İSRAİL’İN BAŞI AĞRIYOR

Kudüs’te iki İsraillinin öldürülmesi ve ikisinin de yaralanmasının ardından Batı Şeria ve Doğu Kudüs’te ateş dinmiyor.
Olayların artması “3.İntifada  mı?” sorularına neden oluyor.
İsrail Başbakanı B.Neyanyahu Güvenlik Kabinesi’nden bölgede artan tansiyonu düşürmek için yeni güvenlik tedbirleri kararı alıyor.
“Filistin terörüne karşı ölümüne bir savaş veriyoruz.
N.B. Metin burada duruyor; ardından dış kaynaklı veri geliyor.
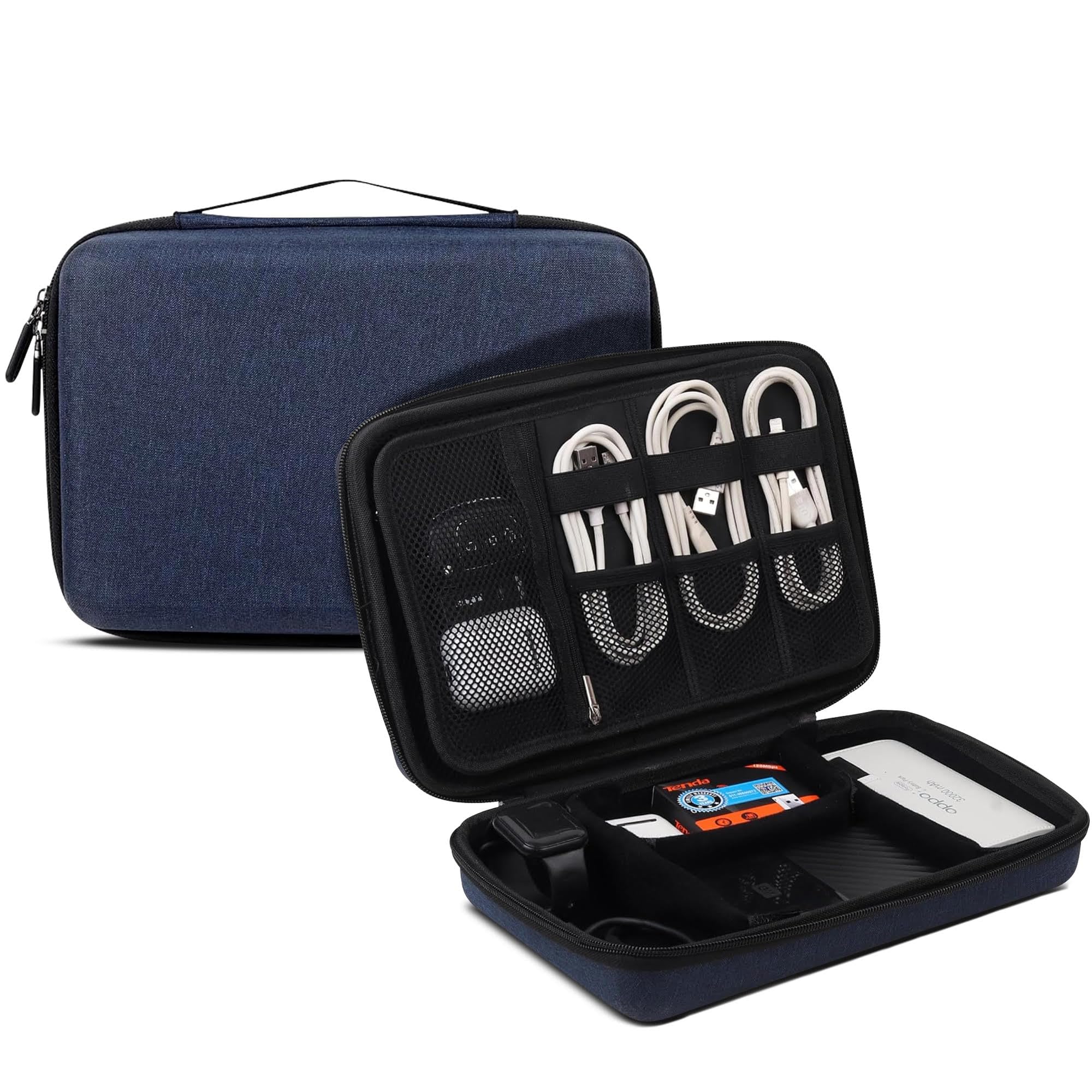 GadgetBite Hard Travel Electronic Organizer EVA Case for MacBook Power Adapter Chargers Cables Power Bank Magic Mouse Hard Drive USB Flash Disk SD Card Small Portable Accessories Bag -Blue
Yeni uygulamalar terörü engellemek, teröristleri caydırmak ve en ağır şekilde cezalandırmayı hedeflemektedir ” diyor.
Esasında Netenyahu’nun başı, İsrail sınırlarının az ötesindeki gelişmelerden  ağrıyor…
 
*
2012’de ABD eski Dışişleri Bakanı Henry Kissinger, bir yanda İslami uyanış, öte yanda Arap Baharı süreciyle radikalizmin yükselişi karşısında İsrail’in geleceği ile ilgili,
“Eğer trilyonlarca ilâve dolar verir ve ordumuzla düşmanlarına yeteri kadar vurursak İsrail kurtulabilir, 2022 yılında İsrail olmayacak” diyordu.
 
*
Aynı yıl ABD İstihbarat Topluluğu (Intelligence Community), “İsrail Sonrası Ortadoğu’ya Hazırlık” raporunda Çin’in, İslami uyanış, radikalizm ve Filistin yanlısı kuvvetin yükselişi sonunda İsrail’in ayakta kalamayacağını bildiriyordu.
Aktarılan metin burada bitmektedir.